The task. Among the entries below, only the lines from the one with "Close-up of vibrant" through the one with "a living room" are wanted, reproduced exactly. Pictures are not wanted.

Listed records.
————————

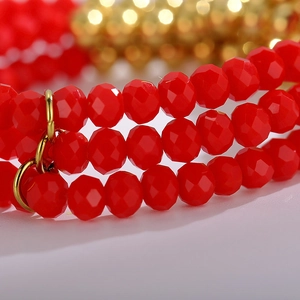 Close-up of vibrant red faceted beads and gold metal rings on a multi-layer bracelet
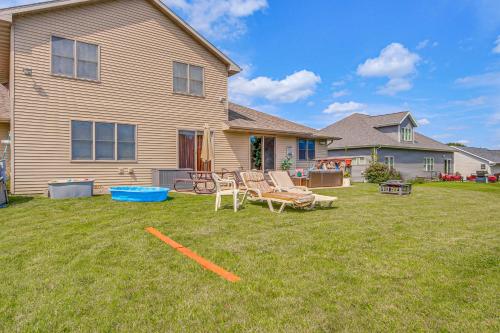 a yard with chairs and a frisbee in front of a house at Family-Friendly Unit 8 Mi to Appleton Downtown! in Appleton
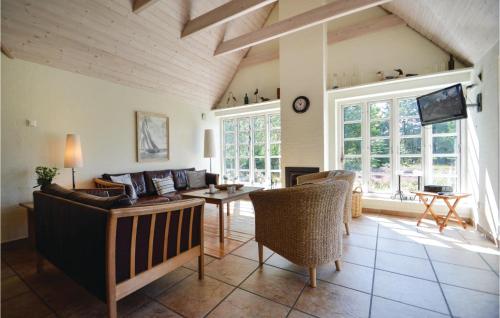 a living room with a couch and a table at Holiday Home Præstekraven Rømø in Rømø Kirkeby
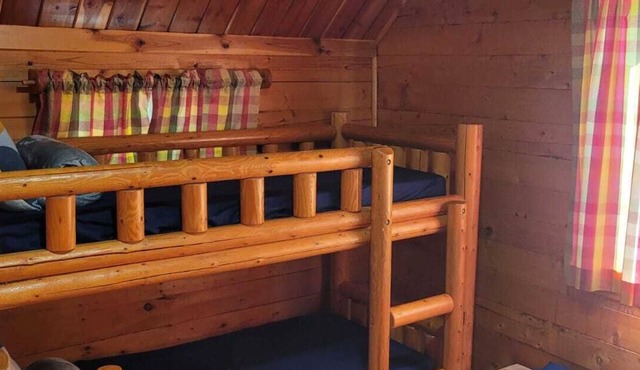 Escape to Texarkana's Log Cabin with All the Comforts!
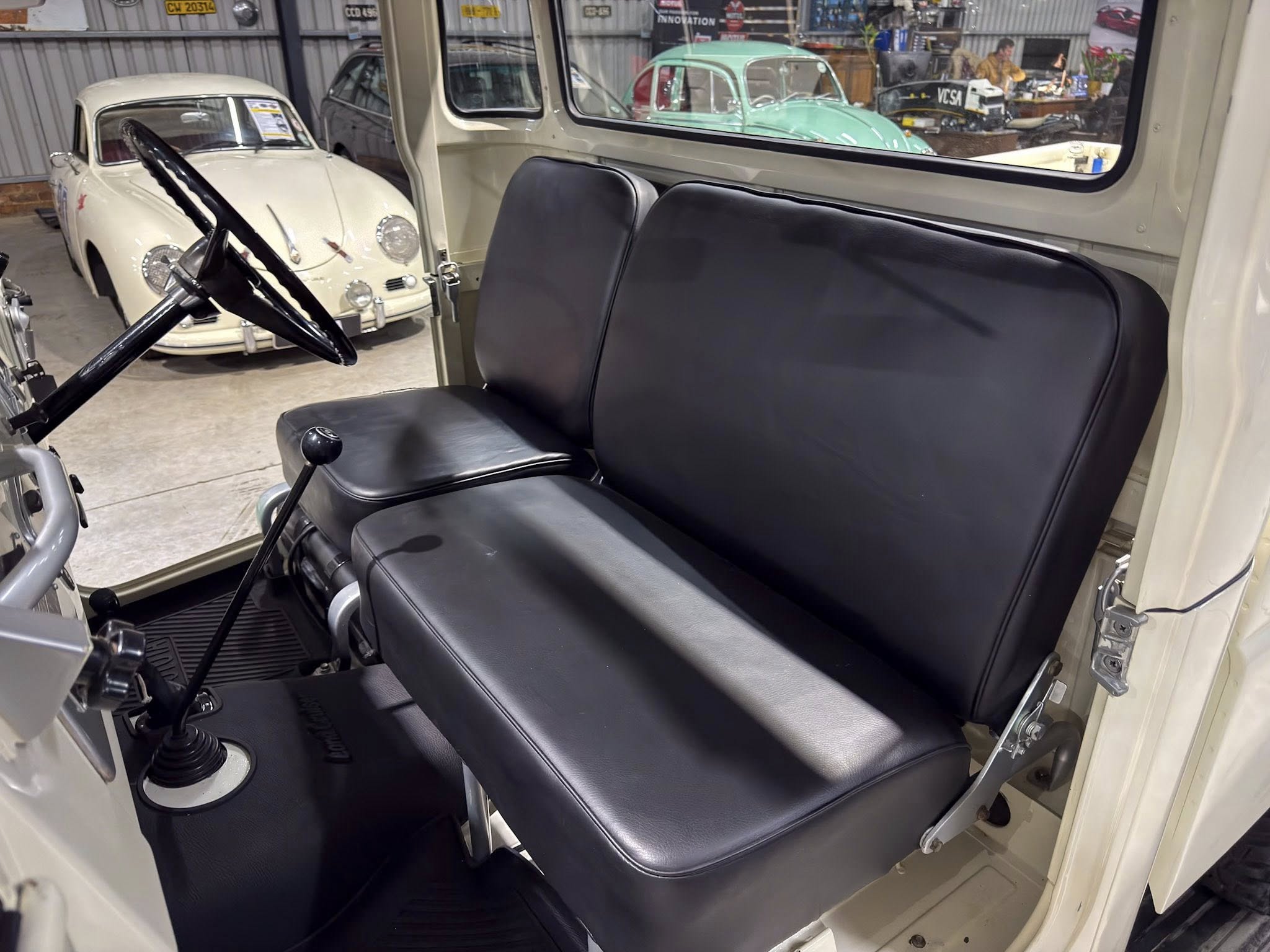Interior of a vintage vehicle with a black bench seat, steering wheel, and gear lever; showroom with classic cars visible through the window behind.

————————

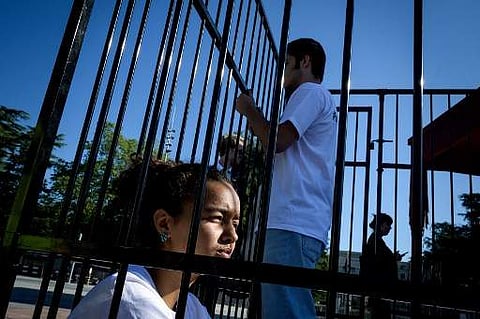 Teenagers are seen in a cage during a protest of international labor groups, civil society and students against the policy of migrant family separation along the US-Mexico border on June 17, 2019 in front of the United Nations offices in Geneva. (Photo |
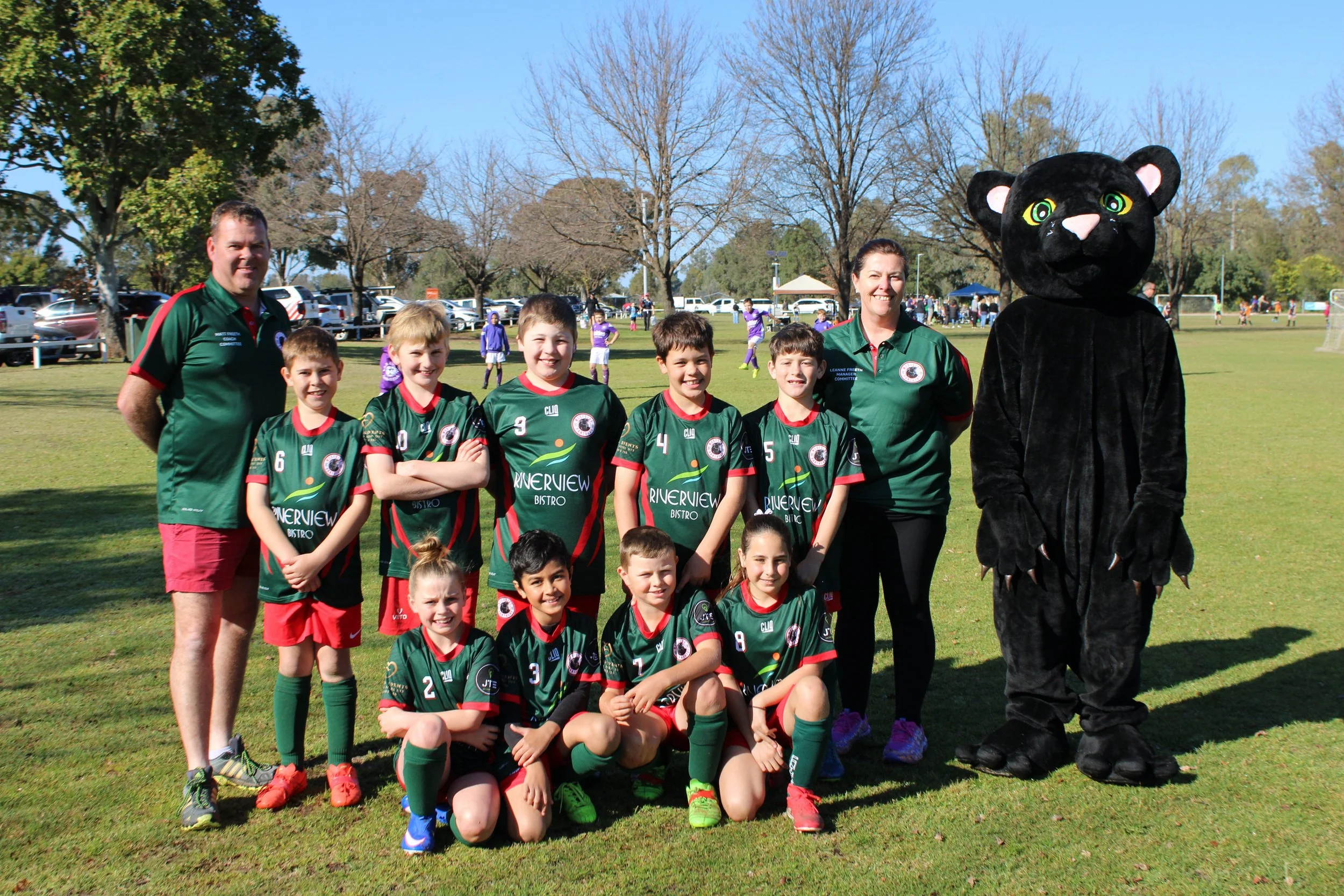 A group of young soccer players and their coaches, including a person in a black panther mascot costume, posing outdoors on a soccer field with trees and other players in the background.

————————

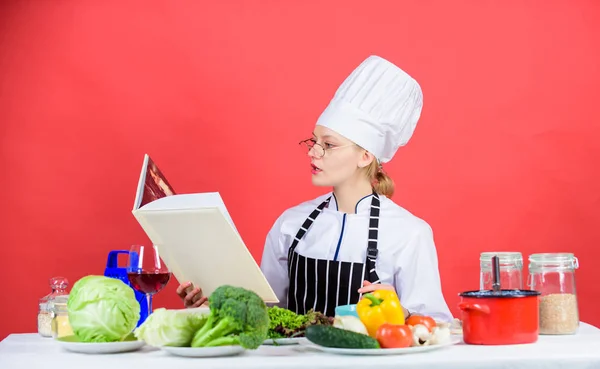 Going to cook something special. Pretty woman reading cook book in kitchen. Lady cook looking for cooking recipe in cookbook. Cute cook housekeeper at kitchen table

————————

Answer box.
 Close-up of vibrant red faceted beads and gold metal rings on a multi-layer bracelet
 a yard with chairs and a frisbee in front of a house at Family-Friendly Unit 8 Mi to Appleton Downtown! in Appleton
 a living room with a couch and a table at Holiday Home Præstekraven Rømø in Rømø Kirkeby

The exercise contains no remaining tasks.